10

Possible Duplicate:
Parallel.ForEach vs Task.Factory.StartNew

I need to run about 1,000 tasks in a ThreadPool on a nightly basis (the number may grow in the future). Each task is performing a long running operation (reading data from a web service) and is not CPU intensive. Async I/O is not an option for this particular use case.

Given an IList<string> of parameters, I need to DoSomething(string x). I am trying to pick between the following two options:

IList<Task> tasks = new List<Task>();
foreach (var p in parameters)
{
    tasks.Add(Task.Factory.StartNew(() => DoSomething(p), TaskCreationOptions.LongRunning));
}
Task.WaitAll(tasks.ToArray());

OR

Parallel.ForEach(parameters, new ParallelOptions {MaxDegreeOfParallelism = Environment.ProcessorCount*32}, DoSomething);

Which option is better and why?

Note :

The answer should include a comparison between the usage of TaskCreationOptions.LongRunning and MaxDegreeOfParallelism = Environment.ProcessorCount * SomeConstant.


  • @zooone9243: Perhaps I'm nitpicking a bit and it is just a language thing, but on a 4 core machine only 4 threads run concurrently. You can still create 1,000 threads (unless you run of of memory space) but a proper solution is to use threads from a pool exactly as you intend to do. It is the I need to run about 1,000 threads part that confuses me. - Martin Liversage
  • Please don't tell us that async I/O is not an option without explaining it. This sounds like an X/Y problem if I've ever heard one. Async I/O is the correct way to perform these types of tasks. If you're sure it doesn't apply in your case, then explain your problem so that we can actually try to provide the best possible solution. - Aaronaught
  • Then modify it so that it does. This is an architecture problem, not a performance concern. You will not get acceptable performance using the TPL (which includes both Task and Parallel). At best you're asking to choose between the lesser of two grave evils. - Aaronaught
  • Just an aside I realize this is an old question: Task/Parallel are 4.0 features. async is a 4.5 feature (yes I realize there was a CTP). So it could just be mandated from God that only true 4.0 features will be in the code.
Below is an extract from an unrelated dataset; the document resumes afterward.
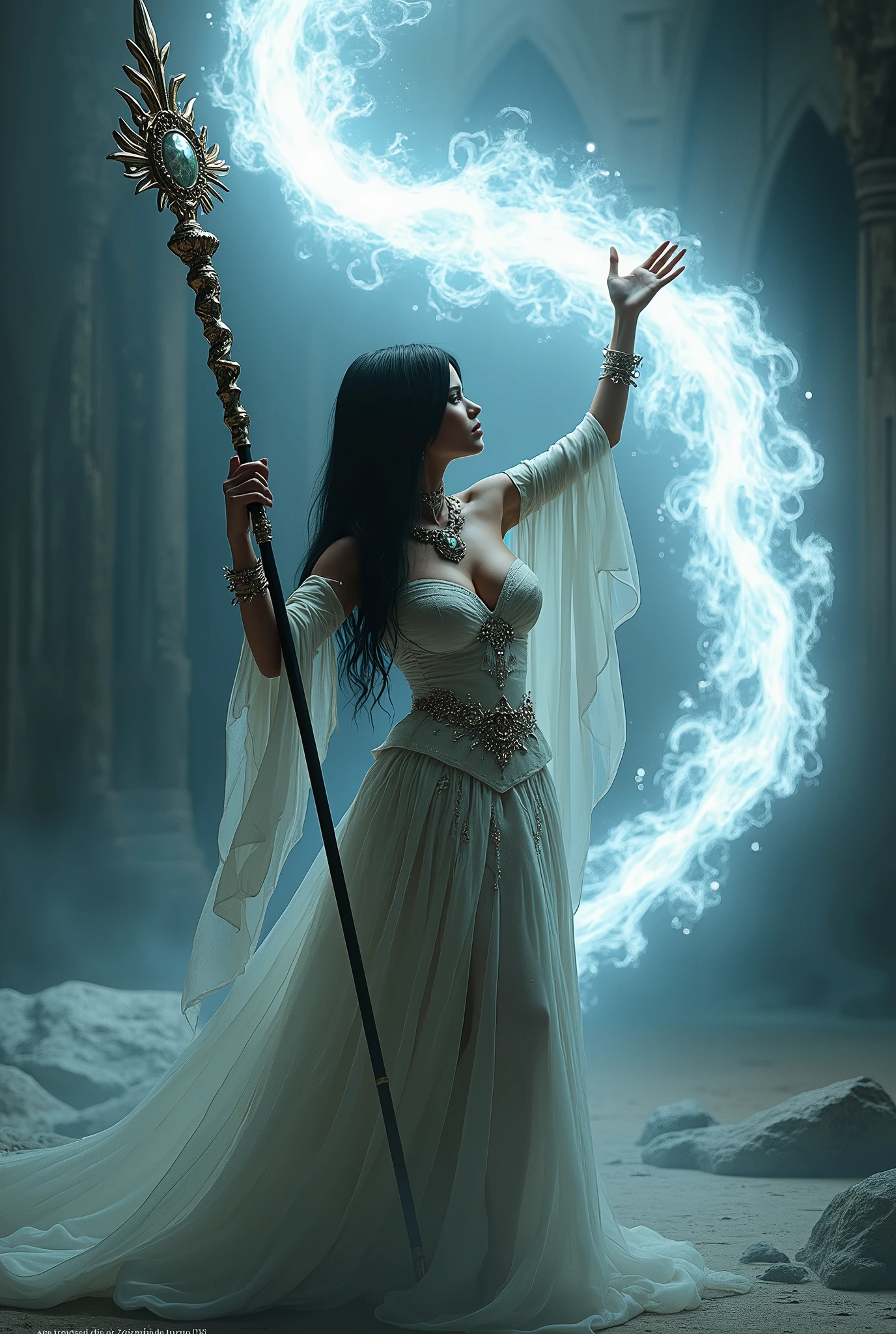 (masterpiece, photorealistic:1.4, extremely intricate:1.3), (photon mapping, radiosity, physically based rendering, ultra resolution, hyper-realistic, photorealistic:1.4, hyper-realistic, 8K), (((glossblack hair, buxom Sylph, large breasts, wide hips))) yellow black sorceress, staff raised, white air power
Or as the questioner mentions a web services library which must be used might be third party and there is no ability to modify it and decorate everything with async/awaits everywhere. - Mike
  • Something to note here - if you use Parallel.ForEach on long running (I/O bound tasks), the thread scheduler gets impatient. It assumes that the reason for the slow progress is that tasks are overly CPU intensive, so it starts adding threads to the thread pool at a rate of 2/minute. This basically "leaks" threads in this manner until the parallel foreach is complete. - Steven Padfield

3 답변


35

Perhaps you aren't aware of this, but the members in the Parallel class are simply (complicated) wrappers around Task objects. In case you're wondering, the Parallel class creates the Task objects with TaskCreationOptions.None. However, the MaxDegreeOfParallelism would affect those task objects no matter what creation options were passed to the task object's constructor.
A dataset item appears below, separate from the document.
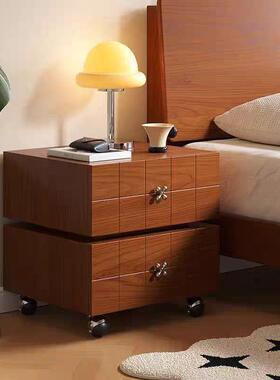 可旋转沙发边几实木木创意中古风柜子抽屉式收纳柜储物实木斗柜子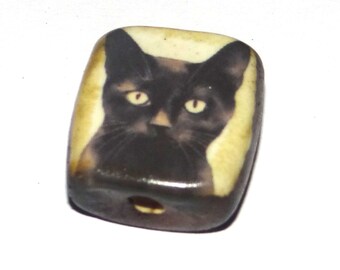 Ceramic Cat Focal Bead Handmade Pottery Beads 20mm PP8-4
TaskCreationOptions.LongRunning gives a "hint" to the underlying TaskScheduler that it might perform better with oversubscription of the threads. Oversubscription is good for threads with high-latency, for example I/O, because it will assign more than one thread (yes thread, not task) to a single core so that it will always have something to do, instead of waiting around for an operation to complete while the thread is in a waiting state. On the TaskScheduler that uses the ThreadPool, it will run LongRunning tasks on their own dedicated thread (the only case where you have a thread per task), otherwise it will run normally, with scheduling and work stealing (really, what you want here anyway)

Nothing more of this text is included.